AIM OF THE EXERCISE: The answer must be the full listing, repeated word for word.
Top of SOURCE MATERIAL
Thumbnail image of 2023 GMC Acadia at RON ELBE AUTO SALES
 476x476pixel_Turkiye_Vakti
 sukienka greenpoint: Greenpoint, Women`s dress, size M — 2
Bottom of SOURCE MATERIAL
SOLUTION TO THIS EXERCISE:
Thumbnail image of 2023 GMC Acadia at RON ELBE AUTO SALES
 476x476pixel_Turkiye_Vakti
 sukienka greenpoint: Greenpoint, Women`s dress, size M — 2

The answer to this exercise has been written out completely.